4. This Ruling does not explain how to account for Division 129 adjustments on your Business Activity Statement (BAS). We explain this in the instructions for the BAS.
5. In explaining how to work out the actual use for a creditable purpose, the Ruling draws on several methodologies for determining the extent of creditable purpose. We explain these methodologies in Goods and Services Tax Ruling GSTR 2000/22 (for financial supplies) and Goods and Services Tax Ruling GSTR 2000/15 (for supplies that are not financial supplies). In addition, Goods and Services Tax Bulletin GSTB 2000/2 explains how to calculate input tax credits on car expenses.
6. An adjustment under Division 129 may result in an amount being assessable income or an allowable deduction for income tax purposes.[F1] The income tax effects of Division 129 adjustments are not explained in this Ruling.
Date of effect
7. This Ruling, when finalised, will apply on and from 8 July 1999 (the date of Royal Assent to the GST legislation).
Background
8. If you are registered or required to be registered, GST is payable on the taxable supplies you make in a tax period.
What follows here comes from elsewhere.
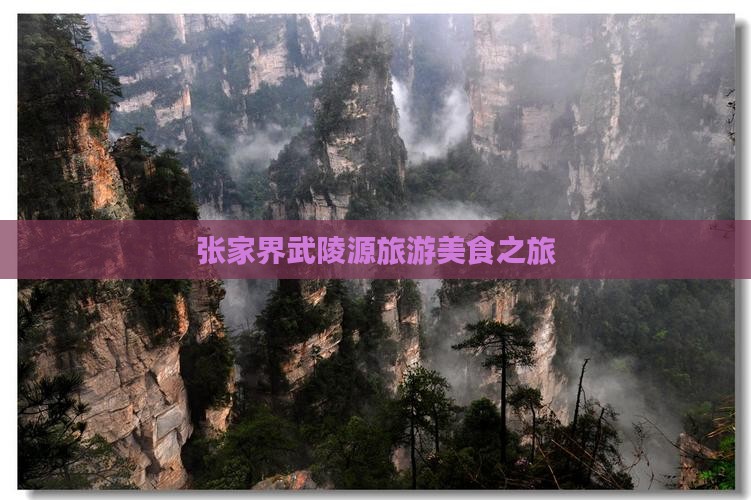 崇左去张家界武陵源旅游小吃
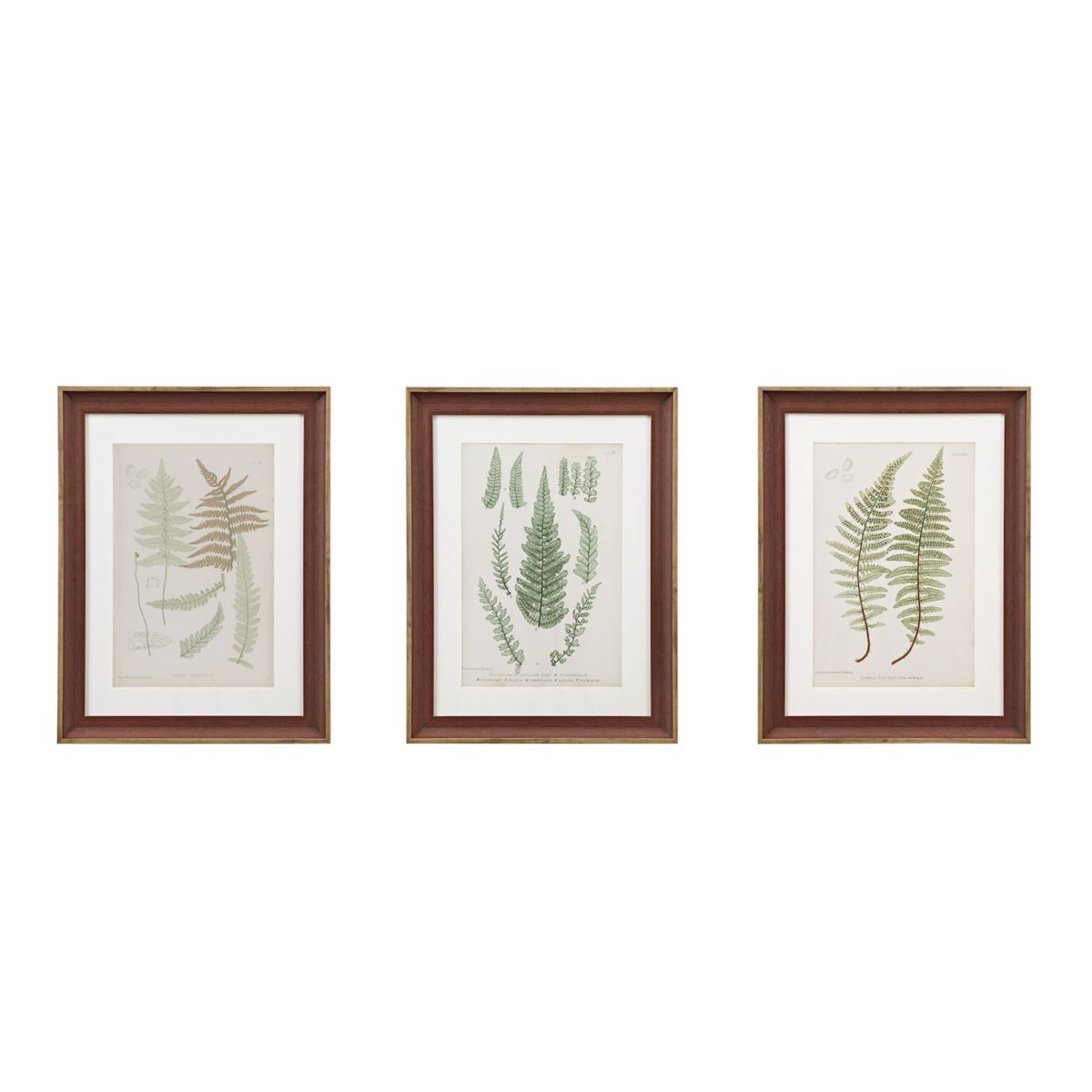 Набор настенных картин из 3 предметов в рамке Martha Stewart Lady Fern Martha Stewart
However, you are entitled to a credit (called an input tax credit ) for the GST included in the price of things you acquire for carrying on your enterprise (called creditable acquisitions ).[F2] You are also entitled to an input tax credit for the GST payable on goods you import for carrying on an enterprise ( creditable importations ).[F3]
9. The amount of the input tax credit depends on the extent to which the acquisition or importation is for a creditable purpose . By way of example, if you acquire a computer which you plan to use 60% for your business and 40% privately, your extent of creditable purpose for the computer is 60%. You are entitled to 60% of the full input tax credit.[F4]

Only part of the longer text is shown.